Von diesem pro-imperialistischen und pro-zionistischen politischen Betrüger war auch nichts anderes zu erwarten. Am 22. November verfasste er eine Kolumne in der New York Times mit dem Titel „Gerechtigkeit für die Palästinenser und Sicherheit für Israel“.

Es lohnt sich, diese politische Spitzfindigkeit etwas genauer unter die Lupe zu nehmen, allerdings sollte man sie zunächst in den angemessenen Zusammenhang stellen.

Die Präsidentschaftskandidaten der Demokraten Joe Biden (links) und Bernie Sanders (rechts) vor einer Vorwahldebatte am 15. März 2020. [AP Photo/Evan Vucci]

Am Sonntag, dem 5. November, wandte sich der Senator auf CNN gegen die zunehmenden Forderungen nach einem Waffenstillstand. Er wiederholte die Behauptungen der Netanjahu- und der Biden-Regierung, Israels ethnische Säuberung sei eine notwendige Selbstverteidigung nach dem bewaffneten Ausbruch der Hamas und ihrem Eindringen nach Südisrael am 7. Oktober.

Er erklärte Dana Bash, der Moderatorin der Sendung „State of the Union“: „Ich weiß nicht, wie es mit einer Organisation wie der Hamas, die für Chaos, Unruhe und die Zerstörung des Staates Israel steht, einen Waffenstillstand, einen dauerhaften Waffenstillstand, geben soll … Ich glaube, die arabischen Staaten in der Region verstehen, dass die Hamas verschwinden muss.“

Die Kriegsverbrecher und ihre Komplizen begrüßten diese Verteidigung des israelischen Angriffs. Der Kommunikationsdirektor des Weißen Hauses Herbie Ziskind twitterte Zitate aus Sanders’ Interview. Das American Israel Public Affairs Committee veröffentlichte eine Stunde nach Sanders’ Auftritt einen Ausschnitt daraus auf X/Twitter. In einem späteren Tweet erklärte die zionistische Lobby: „Danke, @SenSanders, für Ihre klare und prinzipientreue Ablehnung der Forderungen nach einem Waffenstillstand mit der Hamas.“

Israelische Regierungsvertreter lobten Sanders’ Äußerungen; der Sprecher der israelischen Regierung Eylon Levy teilte auf X/Twitter einen Ausschnitt des Interviews.

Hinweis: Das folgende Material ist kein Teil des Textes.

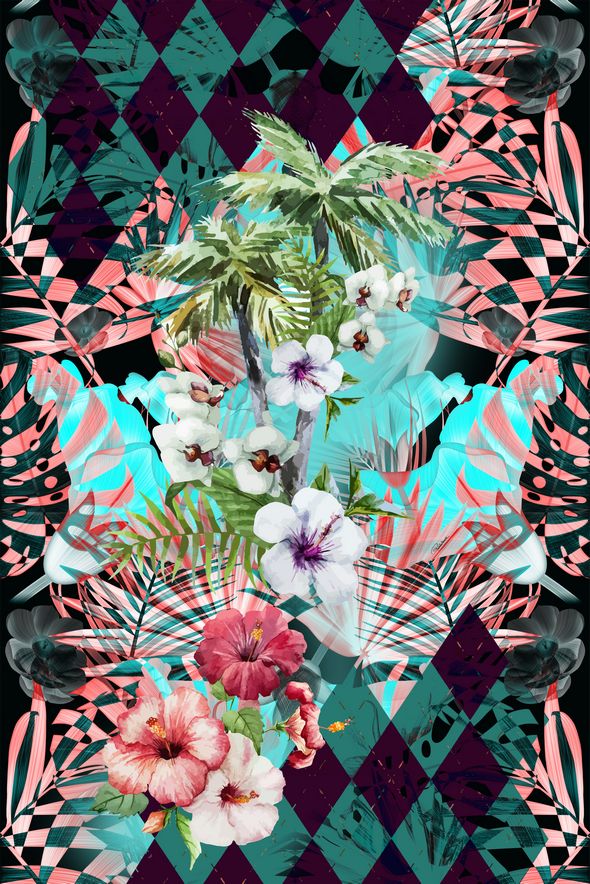 Emiliana Parati Roberto Cavalli 5 16205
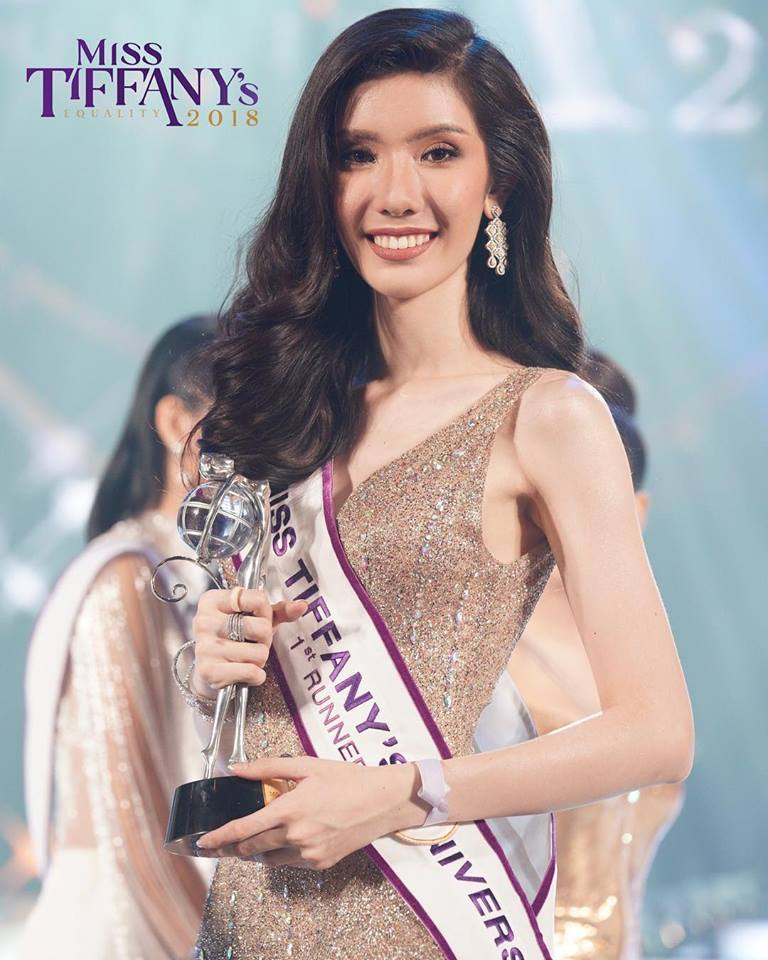 Miss Tiffany’s Universe 2018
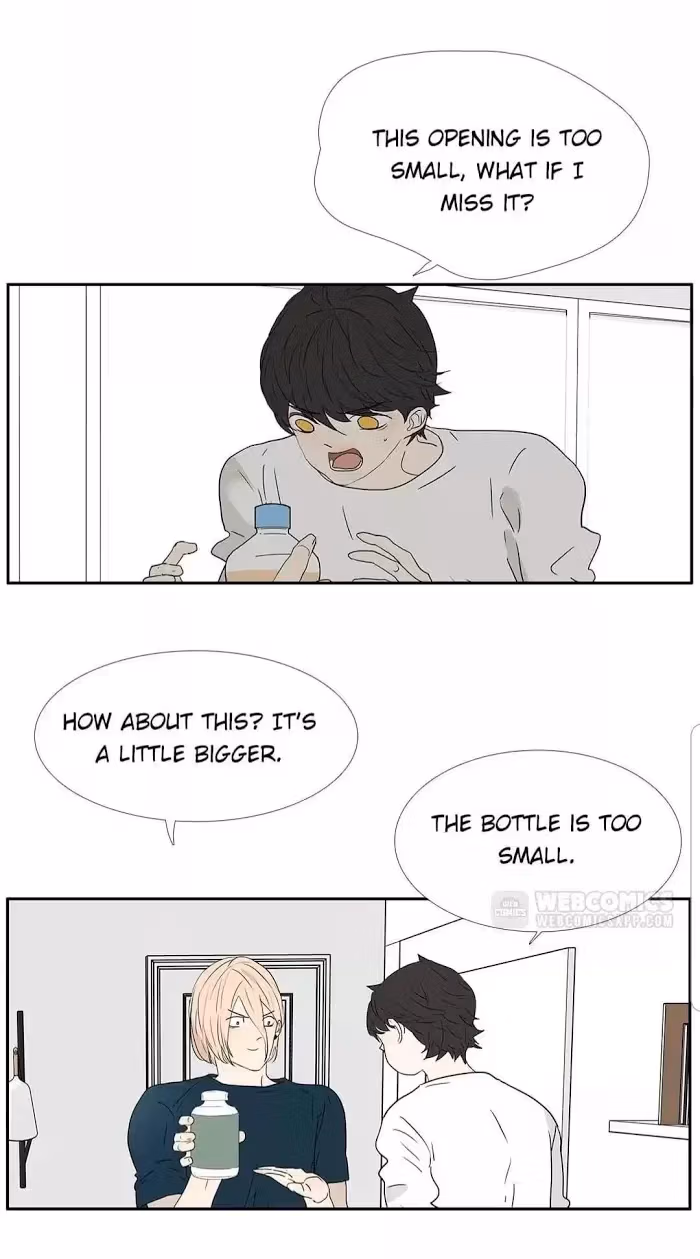 Bromance Chapter 210 page 25 -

Zu dem Zeitpunkt, an dem sich Sanders öffentlich gegen eine Unterbrechung der Massenbombardierungen Israels aussprach, lag die offizielle Zahl der Toten im Gazastreifen bereits bei 9.770, von denen die Mehrheit Kinder und Frauen waren. Israel attackierte systematisch Krankenhäuser, Schulen, UN-Einrichtungen und andere Gebäude, in denen Palästinenser nach der Zerstörung ihrer Häuser Zuflucht gesucht hatten. Dazu gehörte der Angriff auf das Al-Ahli-Krankenhaus in Gaza am 17. Oktober, bei dem laut den dortigen Behörden mindestens 471 Menschen getötet und mehr als 300 verwundet wurden.

Als Sanders’ Kolumne in der New York Times erschien – zwei Tage vor der aktuellen Feuerpause und dem Beginn des Geiselaustauschs – lag die offizielle Zahl der Toten bei über 14.500. Dazu kommen etwa 7.000 Einwohner des Gazastreifens, die als „vermisst“ gelten und vermutlich unter Trümmern begraben sind. Sanders hat sich damit persönlich mitschuldig am Tod von mindestens 4.730 Palästinensern gemacht.

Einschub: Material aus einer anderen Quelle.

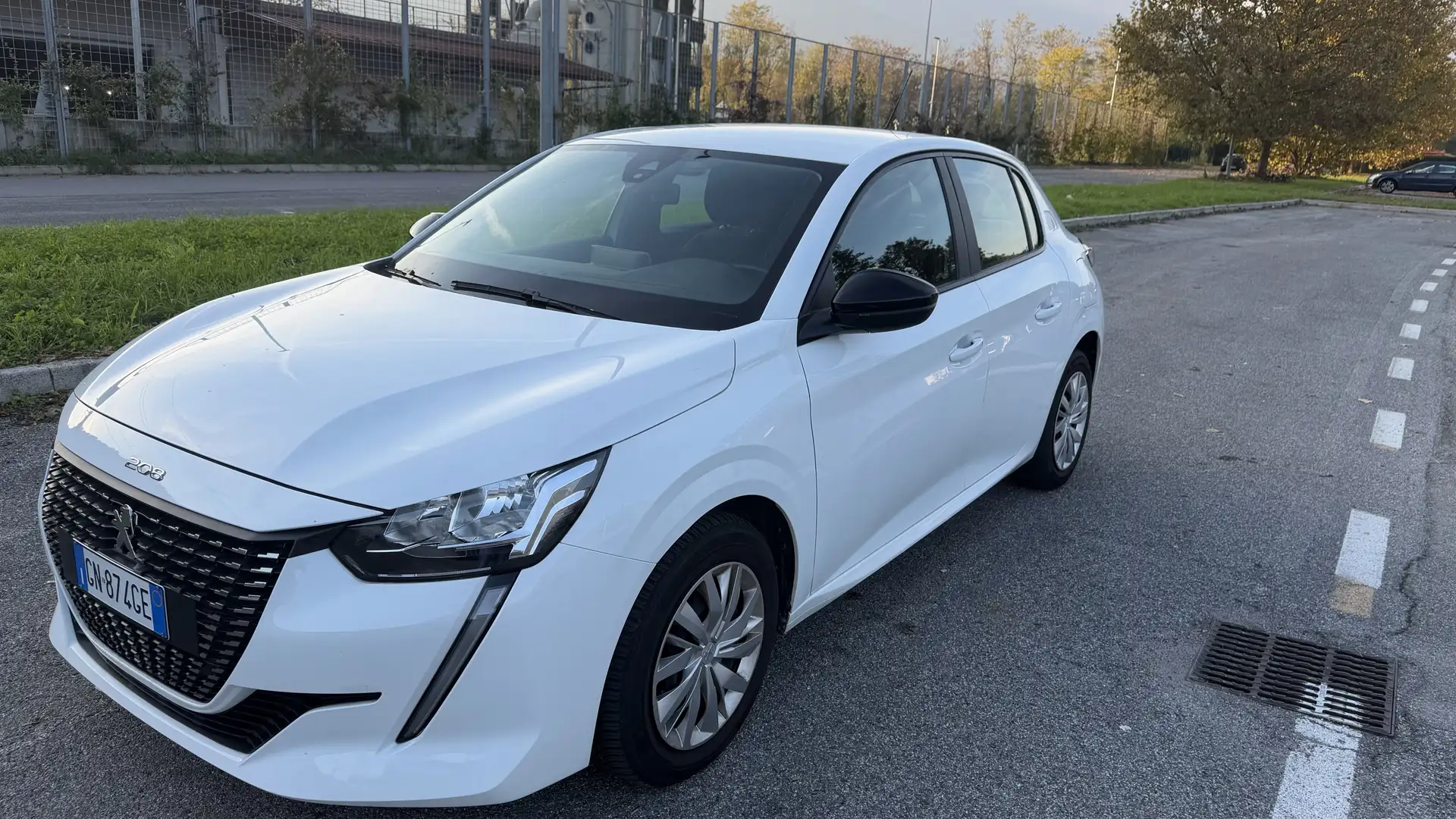 Peugeot 208 1.5 bluehdi Active Pack s&s 100cv - 2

Sanders lehnt einen dauerhaften Waffenstillstand ab

Auch in seiner Kolumne vom 22. November lehnt Sanders einen dauerhaften Waffenstillstand ab. Stattdessen lobt er die kurzzeitige Pause und fordert ihre Ausweitung zu einer „längeren humanitären Pause, damit dringend benötigte Hilfsgüter in den Gazastreifen gelangen und Menschenleben gerettet werden können“. Neben „Waffenstillstand“ fehlen in seinem Artikel auch die Worte „Völkermord“, „Kriegsverbrechen“, „ethnische Säuberung“ und „Biden“.

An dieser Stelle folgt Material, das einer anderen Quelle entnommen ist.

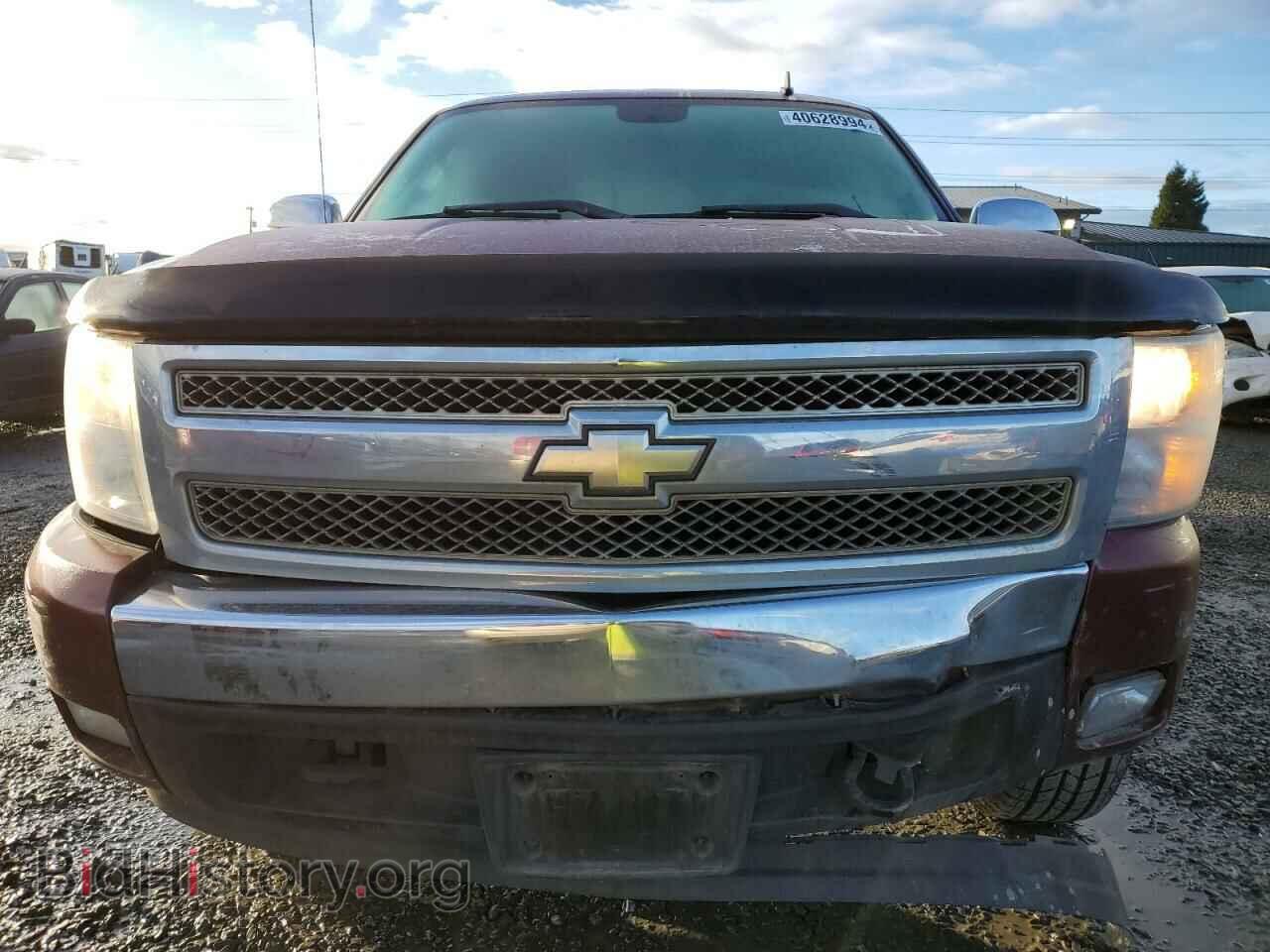 2008 CHEVROLET ALL Models - VIN: 2GCEC19J881228892 - Фото 5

Tatsächlich zielt seine gesamte Darstellung des von den USA unterstützten israelischen Massakers darauf ab, dessen beispielloses Ausmaß und völkermörderischen Charakter zu verbergen. Sanders erklärt, der derzeitige Krieg sei der „fünfte zwischen Israel und der Hamas in den letzten fünfzehn Jahren“, d.h. der jüngste in einer Reihe von immer wiederkehrenden Konflikten. Dann fasst er die zionistische Enteignung und kolonialistische Unterdrückung der palästinensischen Massen während der letzten 75 Jahre in einer Weise zusammen, welche die Rolle des Zionismus und des US-Imperialismus beschönigt:

Diplomaten, wohlmeinende Israelis und Palästinenser, und politische Führer der ganzen Welt haben 75 Jahre lang versucht, der Region Frieden zu bringen.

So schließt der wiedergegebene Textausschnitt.